[Dataset entries Boundary: Start]

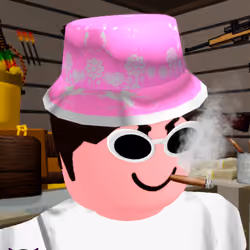 Blox Maker #3218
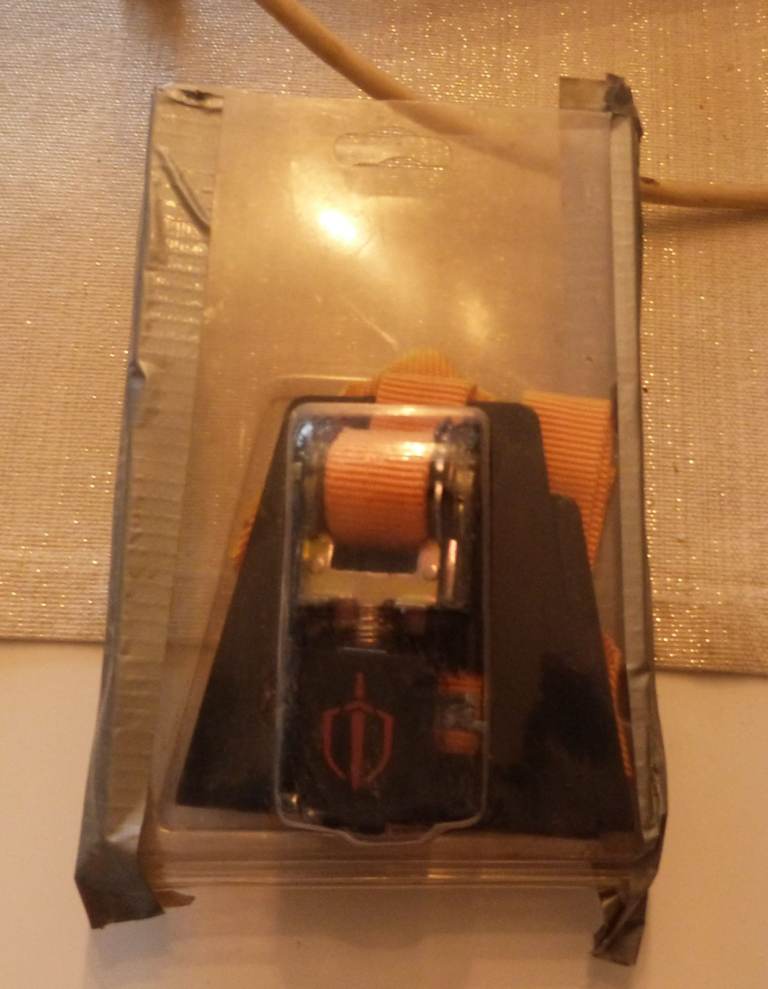 Flooring Clamp, pulling bar & tapping block for Install. wood flooring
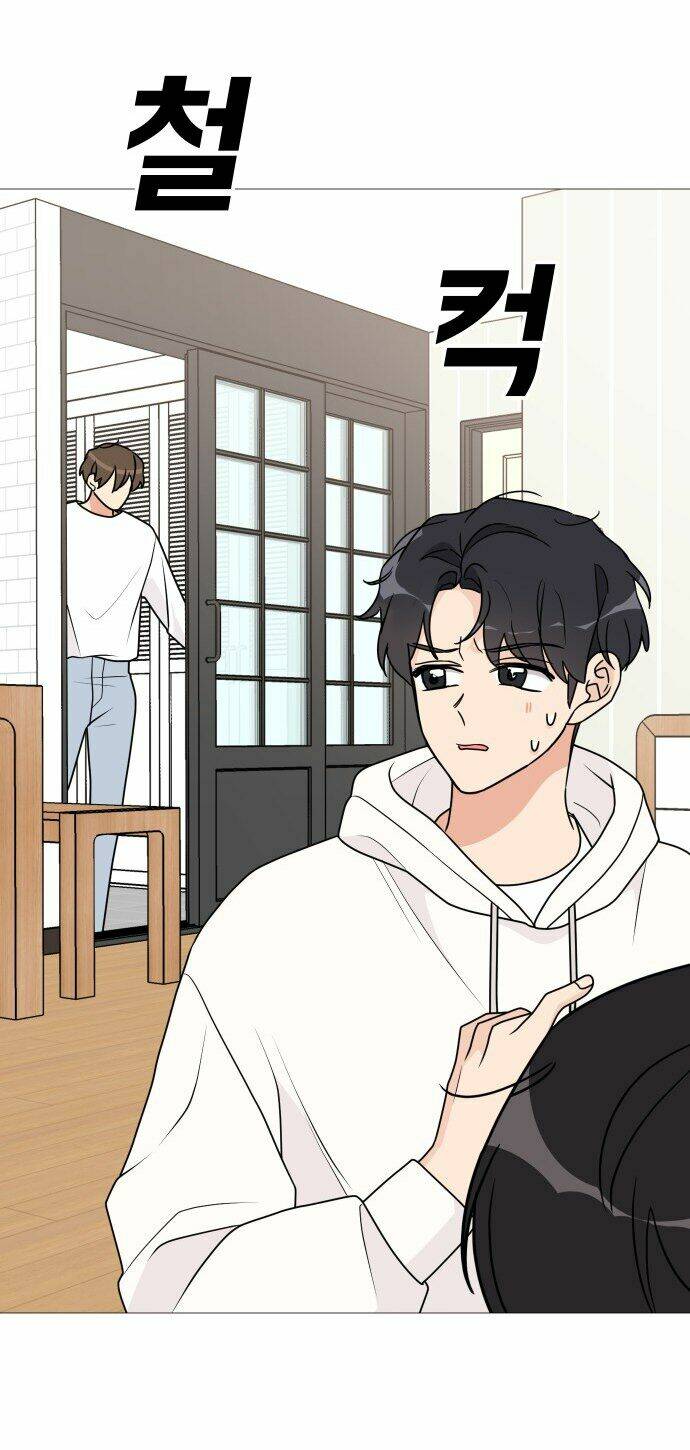 thiếu nữ 1m8 chapter 31 18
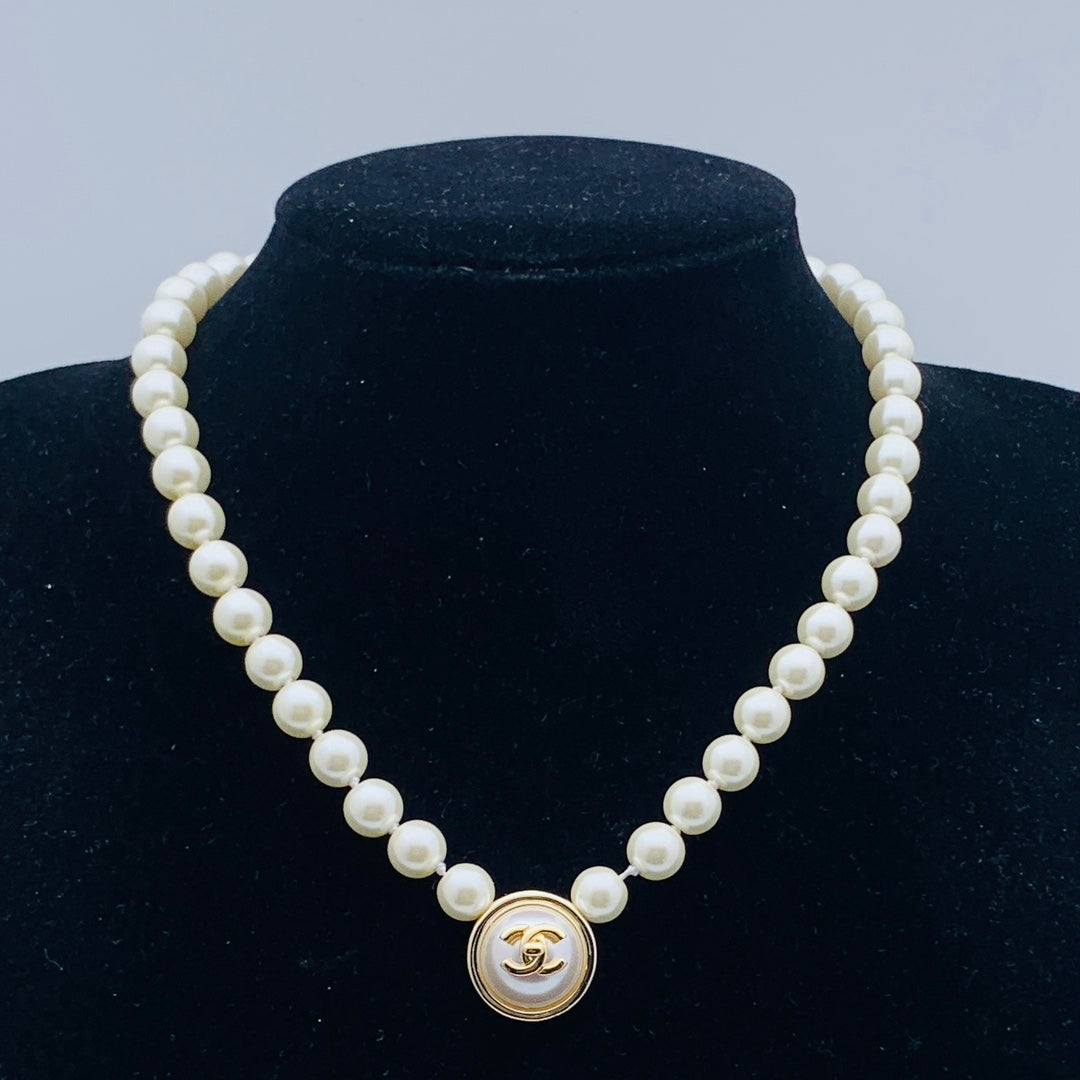 X1Z84C8X  Popular    Necklaces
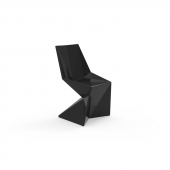 Vertex Chair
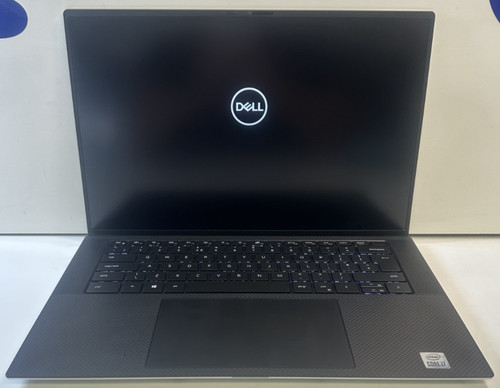 Dell xps 9500 core - xps,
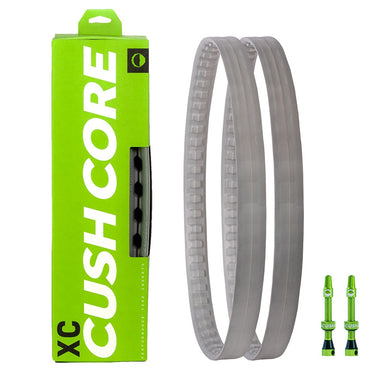CushCore 27.5" XC Tyre Insert Set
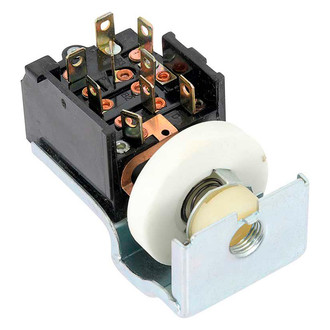 OER® - Headlight Switch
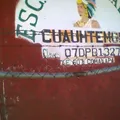 Cuauhtemoc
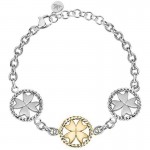 Comprare Bracciale Morellato Donna Multigipsy SAQG32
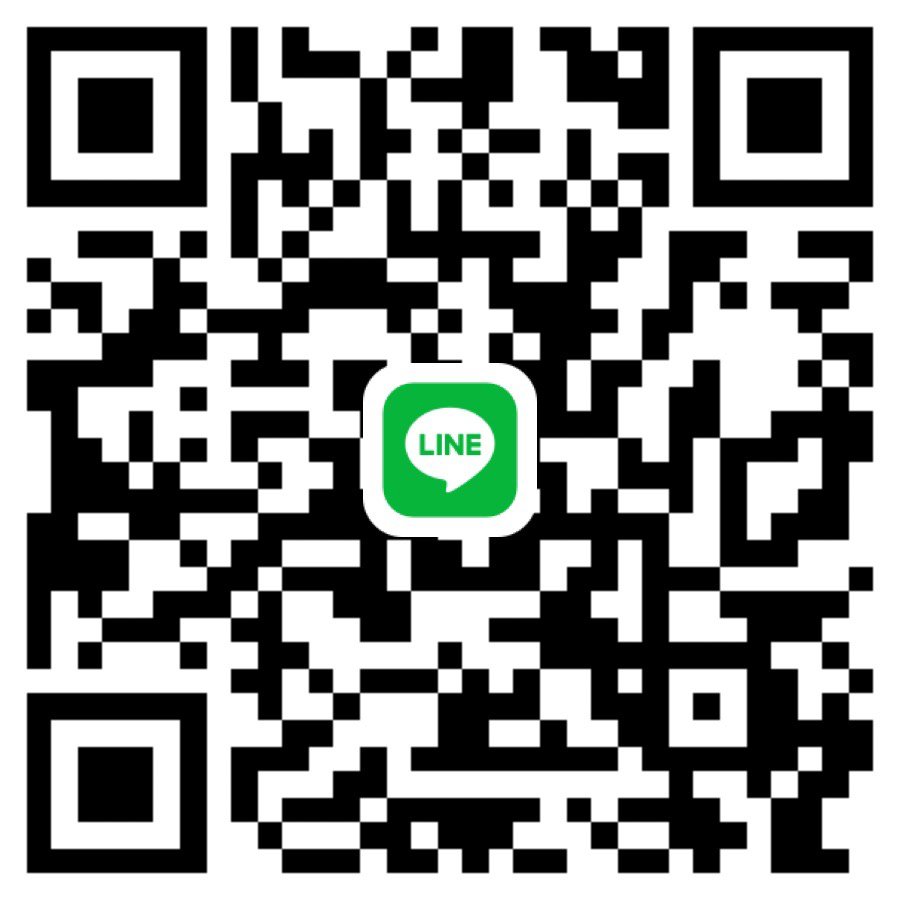 หาค่าขนมคืนนี้ ลาดกระบัง-พระราม9 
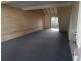 2/176-178 Logan St, Eagleby QLD 4207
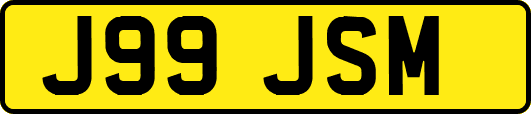 J99JSM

[Dataset entries Boundary: End]

* [Assigned task]: Extract only the lines from the one that contains "Dell xps 9500" through the end of the records, inclusive, and omit every picture.

* [Written reply]:
 Dell xps 9500 core - xps,
CushCore 27.5" XC Tyre Insert Set
 OER® - Headlight Switch
 Cuauhtemoc
 Comprare Bracciale Morellato Donna Multigipsy SAQG32
 หาค่าขนมคืนนี้ ลาดกระบัง-พระราม9 
 2/176-178 Logan St, Eagleby QLD 4207
 J99JSM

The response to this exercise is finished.